Contents
- split() with regex delimiter
- split() limit parameter
- Handling empty tokens
- StringTokenizer — legacy approach
- Scanner for token-by-token reading
- String.valueOf() and primitive parsing
- Performance comparison
split() accepts a regular expression as its delimiter, not a plain string. A single comma "," works as a literal because it has no special meaning in regex, but characters like . or | must be escaped as "\\." or "\\|". "\\s+" splits on one or more whitespace characters. The method returns a String[]. By default, trailing empty strings are removed from the result — a common source of bugs with CSV data. When the same pattern is used in a tight loop, pre-compile it with Pattern.compile(regex) and call pattern.split() to avoid recompilation on every call.

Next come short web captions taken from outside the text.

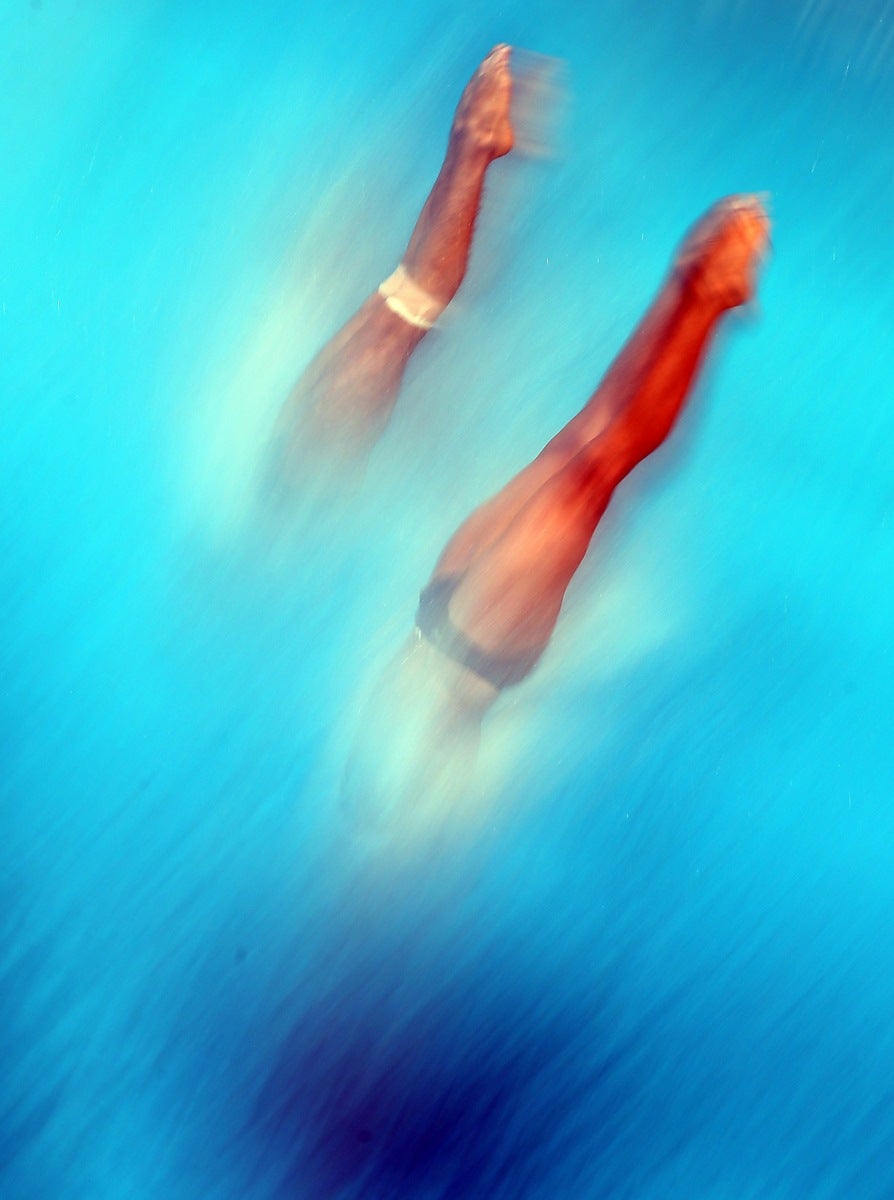 El mexicano Iván García Navarro (L) y el alemán Saúl Sánchez compiten en la plataforma 10m en el Campeonato Mundial FINA 2015 en Kazan.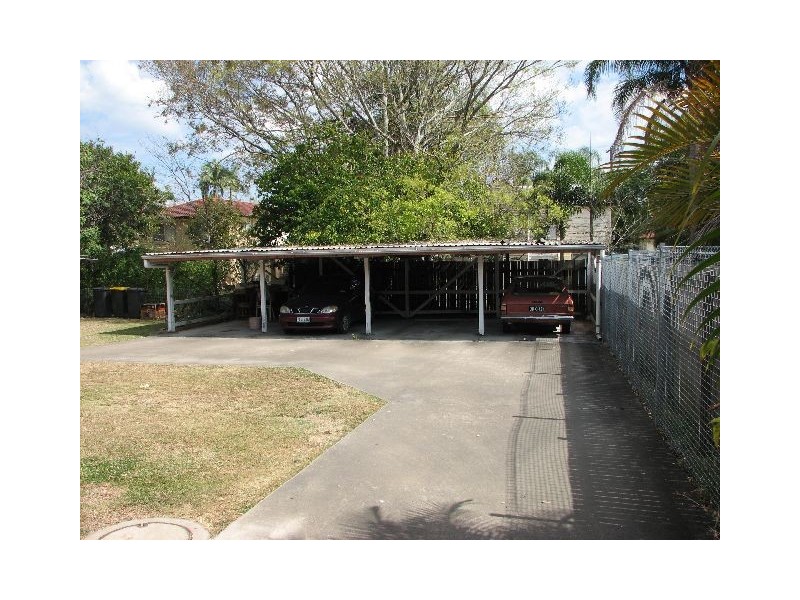 2/50 Bilyana Street, Balmoral QLD 4171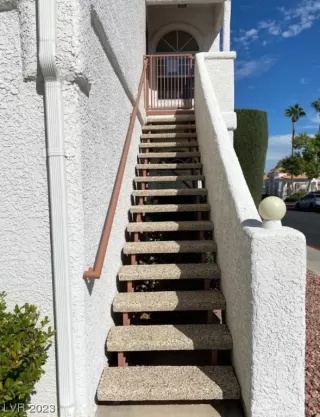 Photo #1: 2526368 Listing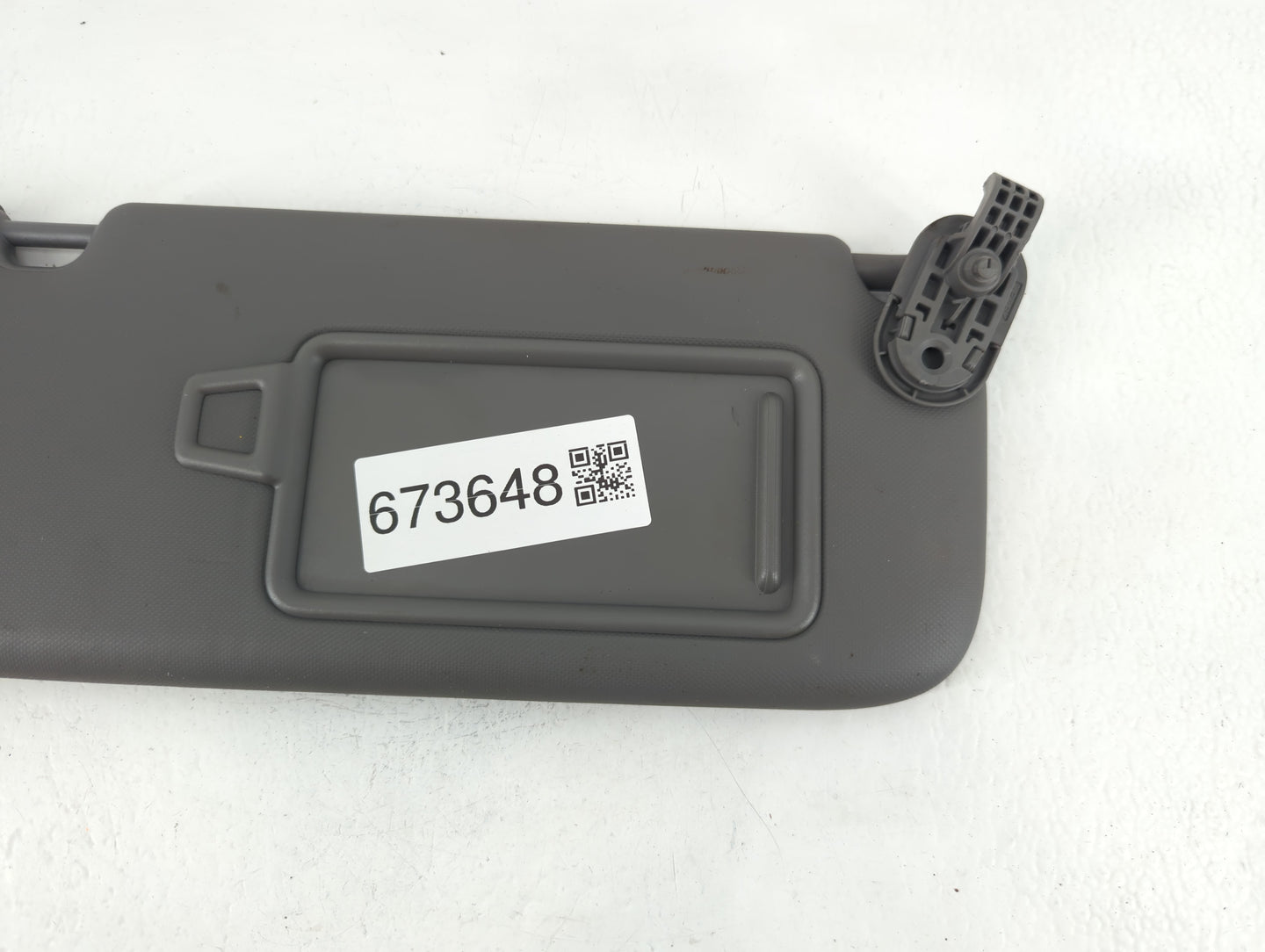 2021-2022 Hyundai Elantra Sun Visor Shade Replacement Passenger Right Mirror Fits Fits 2021 2022 OEM Used Auto Parts - Oemusedautoparts1.com
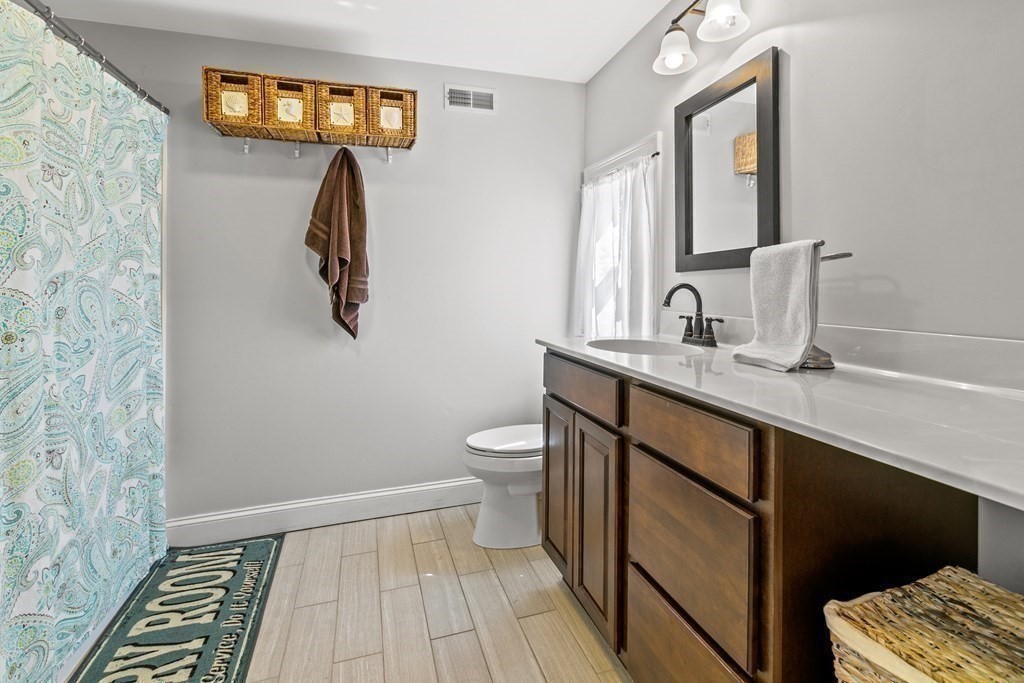 651 Nashua Rd Property Photo 23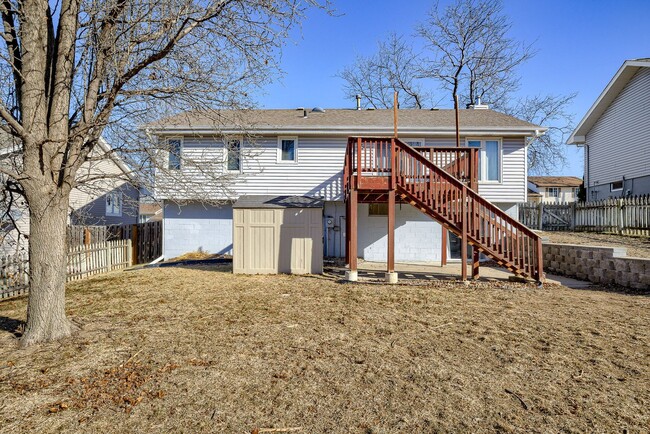 Building Photo - Beautiful 3 Bedroom Ralston Home!!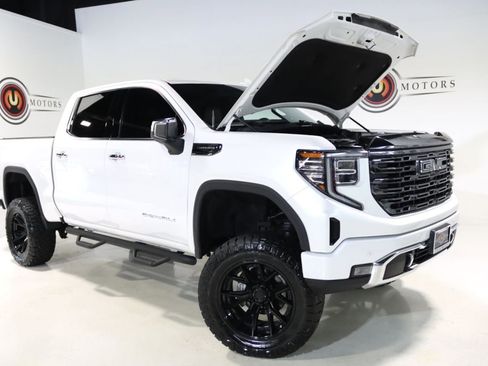 Used 2022 GMC Sierra 1500 Denali Ultimate AWD/4WD image 37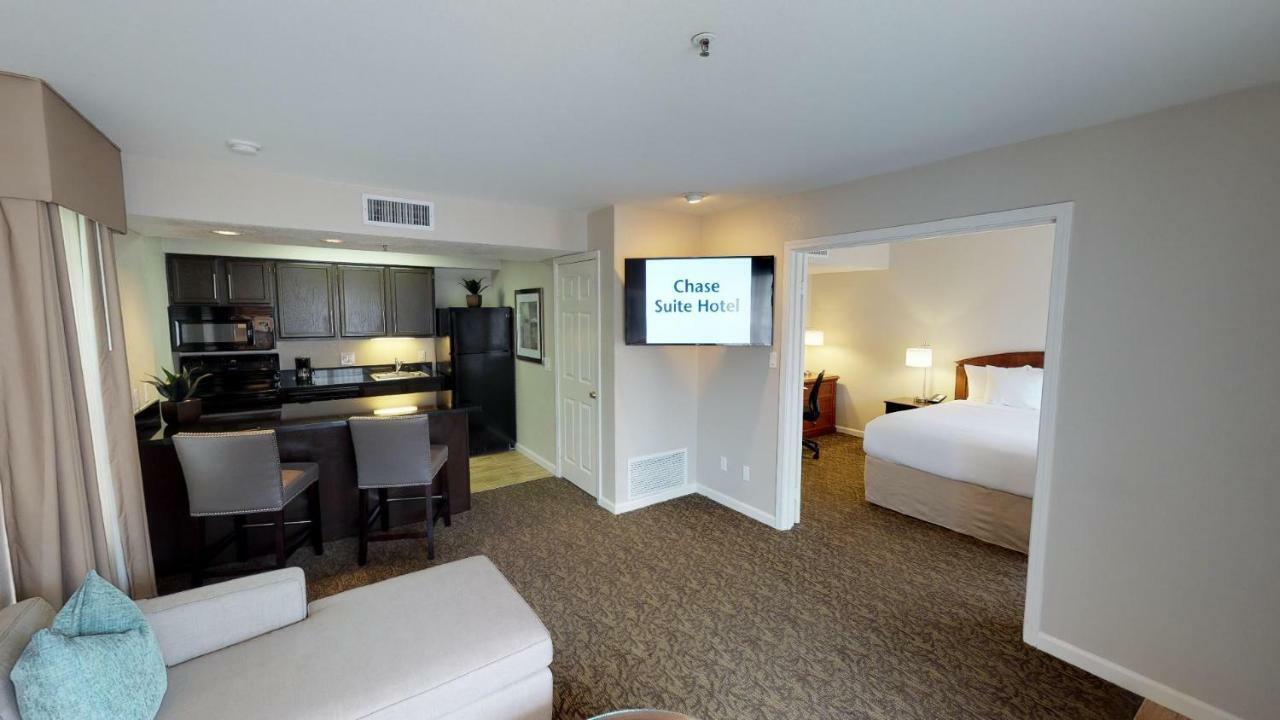 Chase Suites Brea-Fullerton - North Orange County Екстериор снимка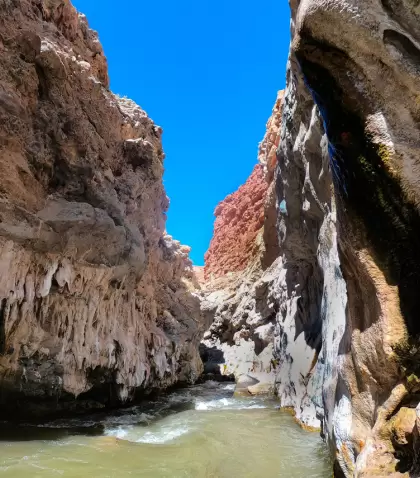 Caverna "Puente del Diablo"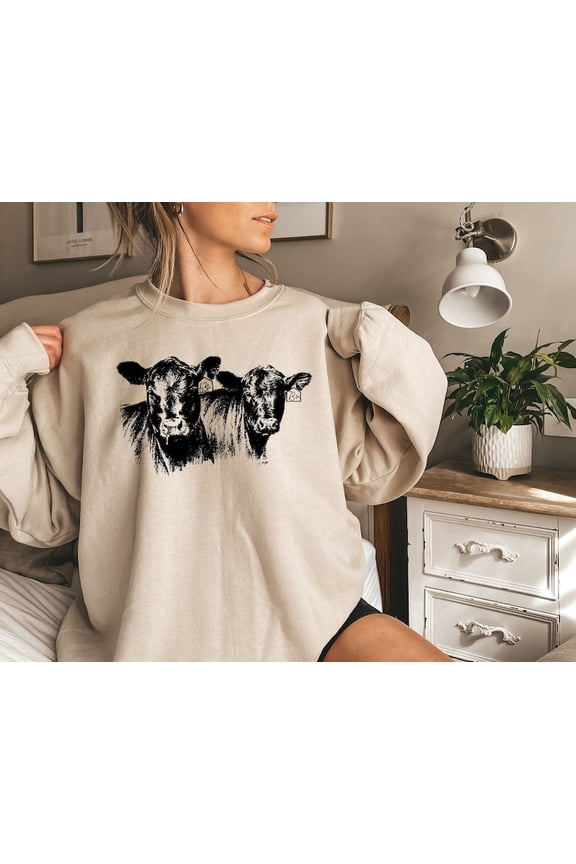 Cow Sweatshirt, Cow Shirt, Western Crewneck Comfort Sweatshirt Cottagecore Clothing Cow Sweater, Comfort Western Wear Gifts for Cow Lovers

// String.split(regex) — splits on a regex pattern, returns String[]
String csv = "Alice,Bob,Charlie,Dave";
String[] names = csv.split(",");
System.out.println(Arrays.toString(names)); // [Alice, Bob, Charlie, Dave]
System.out.println(names.length); // 4
// Split on whitespace (one or more spaces/tabs)
String sentence = "the quick brown fox";
String[] words = sentence.split("\\s+");
System.out.println(Arrays.toString(words)); // [the, quick, brown, fox]
// Split on pipe | — must escape regex metacharacters
String psv = "col1|col2|col3";
String[] cols = psv.split("\\|"); // \| escapes the regex pipe
System.out.println(Arrays.toString(cols)); // [col1, col2, col3]
// Split on period . — must escape
String version = "1.2.3.4";
String[] parts = version.split("\\.");
System.out.println(Arrays.toString(parts)); // [1, 2, 3, 4]
// Split on multiple possible delimiters (character class)
String mixed = "one,two;three:four";
String[] tokens = mixed.split("[,;:]");
System.out.println(Arrays.toString(tokens)); // [one, two, three, four]
// Split preserving delimiters — use a lookahead/lookbehind
String data = "apple,banana,cherry";
// Split so each token keeps its trailing comma (except last)
String[] withComma = data.split("(?<=,)"); // split after comma
System.out.println(Arrays.toString(withComma)); // [apple,, banana,, cherry]
// Pattern.split — compile the pattern once and reuse for performance
import java.util.regex.Pattern;
Pattern COMMA = Pattern.compile(",");
String[] tokens2 = COMMA.split("a,b,c,d");
System.out.println(Arrays.toString(tokens2)); // [a, b, c, d]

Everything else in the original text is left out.